Нельзя было того же сказать о матери. Некрасивое, испитое и изможденное лицо носило следы крайнего утомления; глаза были окружены синевою; она кормила и вместе с тем вынуждена была продаваться за деньги, чтобы покупать молоко и окружить ребенка возможными в этом положении удобствами. Теперь она стояла на крыльце, слегка покачиваясь на нетвердых ногах. Она, казалось, все еще спала, и если двигалась, то лишь под впечатлением детского крика, который управлял ею, помимо ее сознания.
Бесприютный поднялся.
– Матрена! – окликнул он женщину, – тебе молока, что ли?
Женщина протерла глаза, увидела Бесприютного, и довольное, доброе выражение появилось на ее сонном лице.

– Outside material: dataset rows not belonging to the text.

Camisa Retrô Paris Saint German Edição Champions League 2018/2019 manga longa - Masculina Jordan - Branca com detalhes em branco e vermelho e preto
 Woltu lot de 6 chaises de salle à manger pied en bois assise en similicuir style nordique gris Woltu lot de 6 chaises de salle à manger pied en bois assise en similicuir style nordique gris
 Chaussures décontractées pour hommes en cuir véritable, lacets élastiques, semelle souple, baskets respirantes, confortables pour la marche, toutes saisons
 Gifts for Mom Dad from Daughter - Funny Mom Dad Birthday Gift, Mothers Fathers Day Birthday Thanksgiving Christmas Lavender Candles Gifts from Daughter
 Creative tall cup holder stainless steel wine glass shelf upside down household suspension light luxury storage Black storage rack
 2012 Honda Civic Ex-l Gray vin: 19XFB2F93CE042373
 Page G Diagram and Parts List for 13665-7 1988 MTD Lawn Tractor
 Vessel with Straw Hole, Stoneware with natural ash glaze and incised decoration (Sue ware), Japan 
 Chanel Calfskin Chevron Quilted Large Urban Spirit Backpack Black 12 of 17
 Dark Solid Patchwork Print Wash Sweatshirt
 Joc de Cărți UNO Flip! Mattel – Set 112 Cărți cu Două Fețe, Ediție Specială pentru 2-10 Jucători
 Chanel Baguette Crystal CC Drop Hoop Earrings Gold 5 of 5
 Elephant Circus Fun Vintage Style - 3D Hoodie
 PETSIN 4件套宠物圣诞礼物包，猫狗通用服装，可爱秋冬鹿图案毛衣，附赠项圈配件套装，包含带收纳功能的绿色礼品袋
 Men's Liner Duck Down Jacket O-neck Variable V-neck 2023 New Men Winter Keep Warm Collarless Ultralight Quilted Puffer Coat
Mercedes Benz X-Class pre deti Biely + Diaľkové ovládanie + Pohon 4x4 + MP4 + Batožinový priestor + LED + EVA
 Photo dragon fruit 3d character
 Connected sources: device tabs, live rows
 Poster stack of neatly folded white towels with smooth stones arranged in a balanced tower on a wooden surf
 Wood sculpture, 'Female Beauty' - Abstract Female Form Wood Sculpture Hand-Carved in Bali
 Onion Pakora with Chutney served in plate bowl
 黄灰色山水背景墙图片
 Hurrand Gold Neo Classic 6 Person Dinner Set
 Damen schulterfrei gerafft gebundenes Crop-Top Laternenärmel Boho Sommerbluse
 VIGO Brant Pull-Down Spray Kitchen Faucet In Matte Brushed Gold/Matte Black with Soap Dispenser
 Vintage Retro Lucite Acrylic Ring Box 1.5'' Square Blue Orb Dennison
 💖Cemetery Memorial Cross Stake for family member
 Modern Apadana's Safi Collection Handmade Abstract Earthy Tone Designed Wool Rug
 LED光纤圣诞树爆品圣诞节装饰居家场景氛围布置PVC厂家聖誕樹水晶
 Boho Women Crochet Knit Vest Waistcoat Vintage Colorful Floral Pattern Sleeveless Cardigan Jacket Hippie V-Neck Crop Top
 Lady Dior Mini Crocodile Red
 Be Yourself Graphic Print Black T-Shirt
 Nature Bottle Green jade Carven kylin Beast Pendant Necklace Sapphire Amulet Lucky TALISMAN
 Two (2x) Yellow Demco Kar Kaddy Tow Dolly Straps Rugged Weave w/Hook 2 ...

– А, ты здеся, Федор? Никак, уже встал? Да, Федорушко, молочка бы ему: слышь, как заливается.
Федор направился к небольшому домику, где помещались караулка и кухня. Каждый раз с вечера он заготовлял молоко для партионных ребят, и не было еще случая, чтобы он забыл об этом. Не желая будить кашеваров, так как было еще рано, Бесприютный вышел из кухни во двор с охапкой щепок и кастрюлькой. Через минуту синий дымок взвился кверху, и огонь весело потрескивал и разгорался. Бесприютный держал над пламенем кастрюльку, арестантка, все еще сонная, с выбившейся из-под платка косой, стояла тут же.
– Ишь, заливается, орет, – произнес Бесприютный, – ты бы хоть грудь дала.
– Чего давать, молока ни капли нету; всю он меня высосал…
– Ишь, бутуз. В кого он такой уродился? Ась?